Who has been your most important professional mentor and why?
This is a hard question. There are so many people who have looked out for me along the way, opened doors, and given me access. But honestly, my most important professional mentors have been my parents. While they aren’t in my industry, and they haven’t been able to advise me on equity, career inflection points, or the network, they are the foundation of my value-set. And relying on my values has been the tactic that has served me the best in my career. And these values are: invest in relationships for the long term, don’t take crap from people, serve others, listen for what makes the world better, and be the best prepared person in the room.
What has been the most meaningful professional experience you’ve had and why?
Working on Barack Obama’s campaign in 2008 was incredible. After a long couple of years working on grassroots marketing, product marketing, community management, and product management, I was exhausted, somewhat demoralized by the trials and tribulations of startup life, and all the way jaded about business. When I landed in the desert of Nevada and started knocking on doors and making phone calls, I realized that I was extraordinarily lucky to have had the experiences and relationships I’d had in my life. I realized that struggles out there are real, and that the United States has a long way to go before it is a truly equitable society. This got me ‘fired up’, as we used to say back then, because it gave me the lightbulb moment — perhaps a reminder, perhaps a fresh insight — that the only work worth doing, for me, was mission-driven work.
What is the most difficult professional or personal challenge you’ve had to overcome?

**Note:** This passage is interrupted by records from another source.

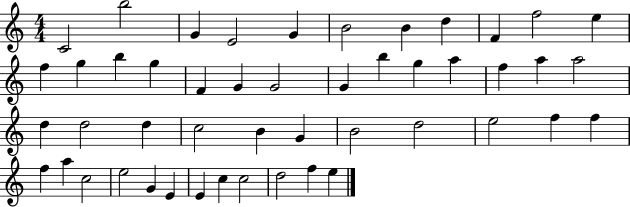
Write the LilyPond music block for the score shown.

{
  \clef treble
  \numericTimeSignature
  \time 4/4
  \key c \major
  c'2 b''2 | g'4 e'2 g'4 | b'2 b'4 d''4 | f'4 f''2 e''4 | \break f''4 g''4 b''4 g''4 | f'4 g'4 g'2 | g'4 b''4 g''4 a''4 | f''4 a''4 a''2 | \break d''4 d''2 d''4 | c''2 b'4 g'4 | b'2 d''2 | e''2 f''4 f''4 | \break f''4 a''4 c''2 | e''2 g'4 e'4 | e'4 c''4 c''2 | d''2 f''4 e''4 | \break \bar "|."
} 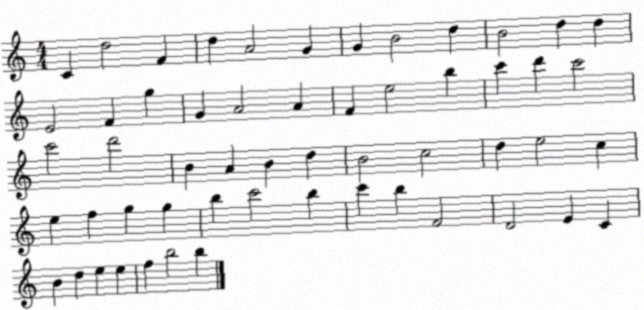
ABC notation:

X:1
T:Untitled
M:4/4
L:1/4
K:C
C d2 F d A2 G G B2 d B2 d d E2 F g G A2 A F e2 b c' d' c'2 c'2 d'2 B A B d B2 c2 d e2 c e f g g b c'2 b c' b F2 D2 E C B d e e f b2 b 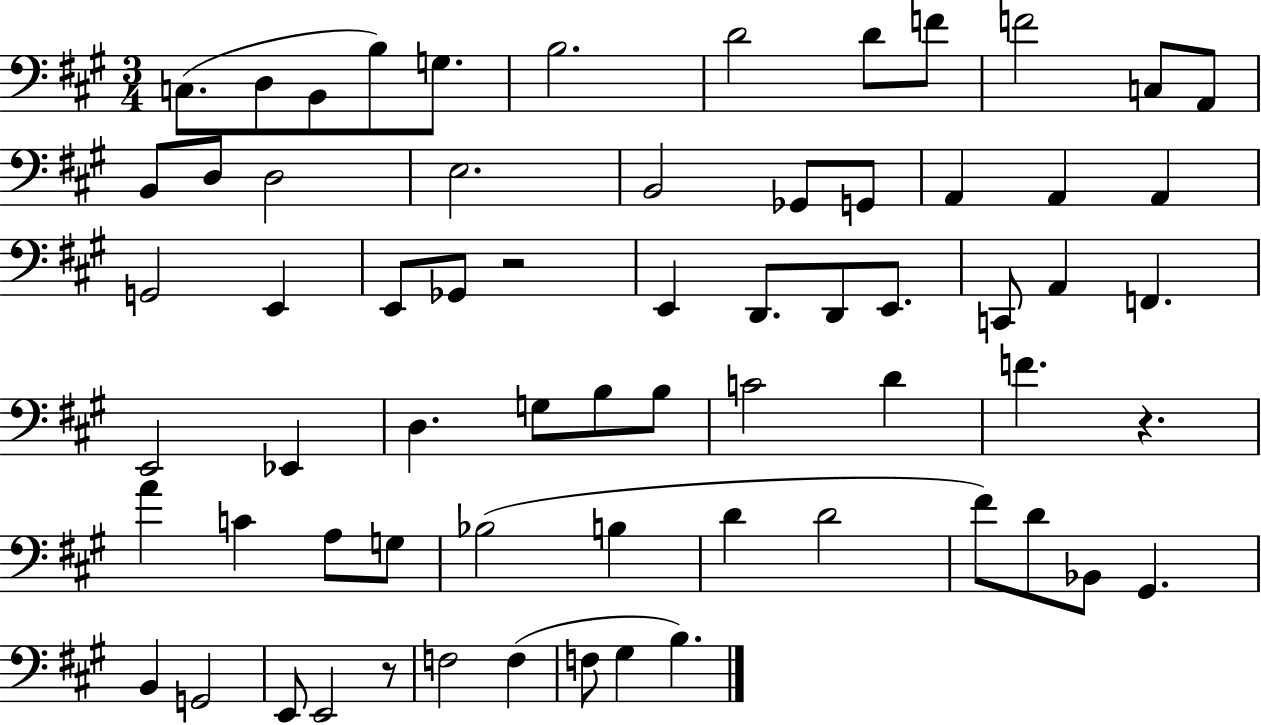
C3/e. D3/e B2/e B3/e G3/e. B3/h. D4/h D4/e F4/e F4/h C3/e A2/e B2/e D3/e D3/h E3/h. B2/h Gb2/e G2/e A2/q A2/q A2/q G2/h E2/q E2/e Gb2/e R/h E2/q D2/e. D2/e E2/e. C2/e A2/q F2/q. E2/h Eb2/q D3/q. G3/e B3/e B3/e C4/h D4/q F4/q. R/q. A4/q C4/q A3/e G3/e Bb3/h B3/q D4/q D4/h F#4/e D4/e Bb2/e G#2/q. B2/q G2/h E2/e E2/h R/e F3/h F3/q F3/e G#3/q B3/q.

Dropping out of Stanford to work on a startup, while that sounds glamorous and a sign of great fortune, was actually really hard. As a young black man, I felt like I was tumbling towards being another statistic. I felt like I was betraying my parents. And working on startups is really hard — I felt like I was putting on a positive face and talking about how we were ‘killing it’ when really I felt like I was actually just delaying my inevitable failure, one day at a time. It was really demoralizing, lonely, and a source of great professional insecurity. When the company started to work, and we had some tailwind, it was easy to say that we were killing it the whole time, but honestly I’m still rebuilding my confidence from my first startup experience.

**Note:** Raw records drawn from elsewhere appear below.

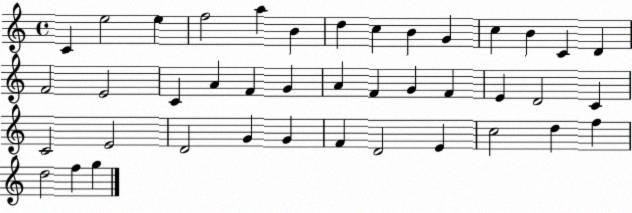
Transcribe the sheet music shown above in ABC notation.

X:1
T:Untitled
M:4/4
L:1/4
K:C
C e2 e f2 a B d c B G c B C D F2 E2 C A F G A F G F E D2 C C2 E2 D2 G G F D2 E c2 d f d2 f g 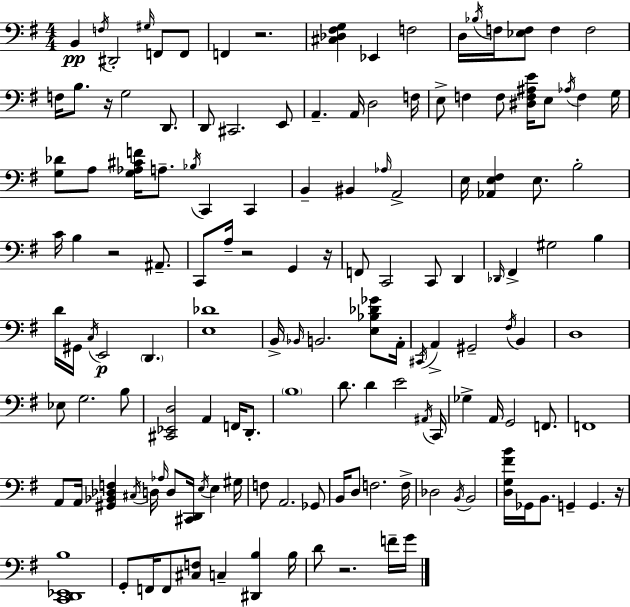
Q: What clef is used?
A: bass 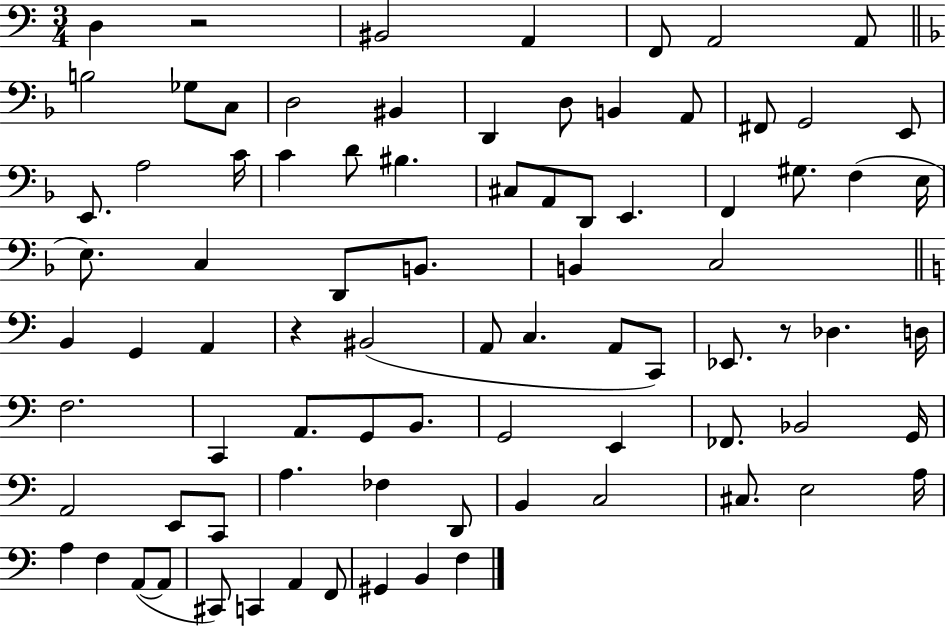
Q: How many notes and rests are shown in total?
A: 84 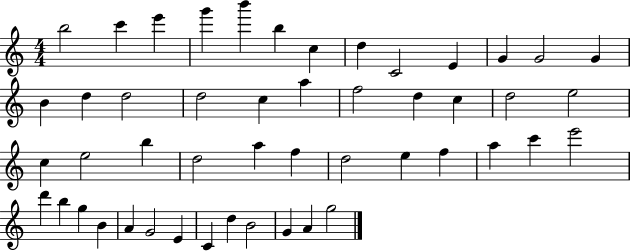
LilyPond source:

{
  \clef treble
  \numericTimeSignature
  \time 4/4
  \key c \major
  b''2 c'''4 e'''4 | g'''4 b'''4 b''4 c''4 | d''4 c'2 e'4 | g'4 g'2 g'4 | \break b'4 d''4 d''2 | d''2 c''4 a''4 | f''2 d''4 c''4 | d''2 e''2 | \break c''4 e''2 b''4 | d''2 a''4 f''4 | d''2 e''4 f''4 | a''4 c'''4 e'''2 | \break d'''4 b''4 g''4 b'4 | a'4 g'2 e'4 | c'4 d''4 b'2 | g'4 a'4 g''2 | \break \bar "|."
} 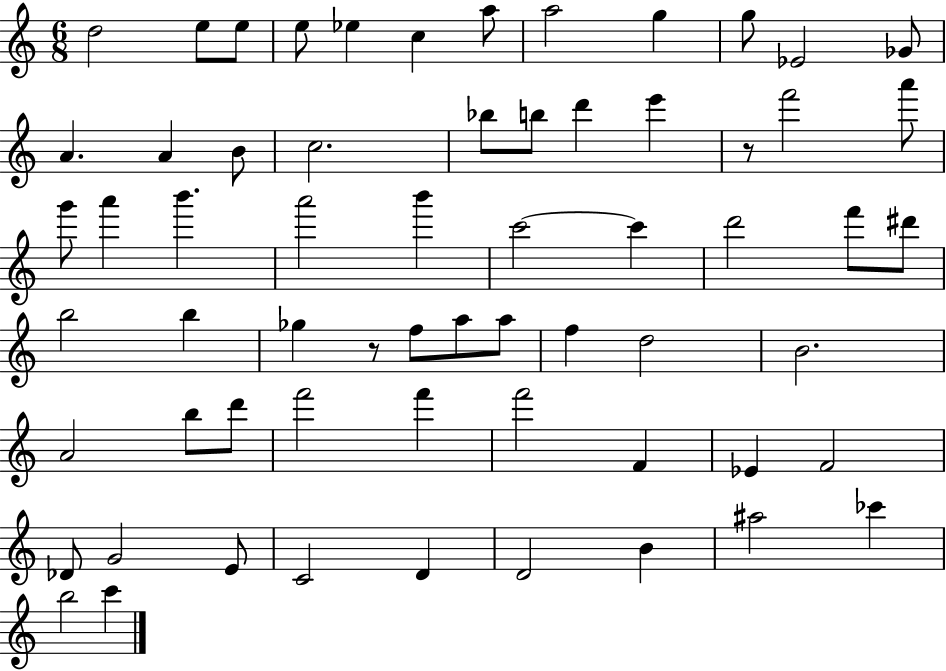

If you want to be in startups, meet everybody. Take any single intro, and do your best to add so much value to the person you’ve met that you can turn it into 5 more intros. Rinse, and repeat.
What advice do you have for young people of color who are looking to get into technology?
It depends on what part of the technology business you want to be in. If you want to be in startups, meet everybody. Take any single intro, and do your best to add so much value to the person you’ve met that you can turn it into 5 more intros. Rinse, and repeat. The vast majority of startups don’t work, and the people who are connected to the few that succeed seem brilliant in retrospect. But really, they are just in the right information flow, thereby maximizing their likelihood of getting lucky.
Who is one person you follow on social media who you think others should follow?
What news outlets or media sources do you read on a regular basis?
Just Twitter. I don’t read breaking news anymore.
There is only a small handful of black VC Partners in the entire venture industry. Tell us more about how you got into venture capital.
My partner Craig founded Collaborative Fund coming out of GOOD Magazine, where he was president. We had a number of mutual friends, who suggested that we chat. After a great chat, we agreed to work very casually together for a few months. About a year later, we had a great working relationship, had grown to trust each other, and decided to work together full time. That was summer of 2012, and I haven’t looked back since.
Why I agreed to stick around? I wanted to launch a new company, but after working with some dear friends on a few iterations of ideas, I realized I wanted to do a startup for startup’s sake, rather than because there was a problem space that was calling my name.
It’s great to be in New York, because it feels like the city’s startup ecosystem is still in the early innings.
You recently moved to New York. How would you compare the technology and venture industry in New York with what you saw in San Francisco?
The technology community here is extremely small. But there is such an incredible dynamism to this city, that I never feel insular, or closed off from the world. There is an incredible amount of global perspective that I feel while in New York. It still has a ways to go before it’s creating significant lasting companies, but that’s why it’s great to be here, because it feels like the city’s startup ecosystem is still in the early innings.
Collaborative Fund has a really strong sense of mission around promoting collaborative consumption. What motivates you to pursue that passion?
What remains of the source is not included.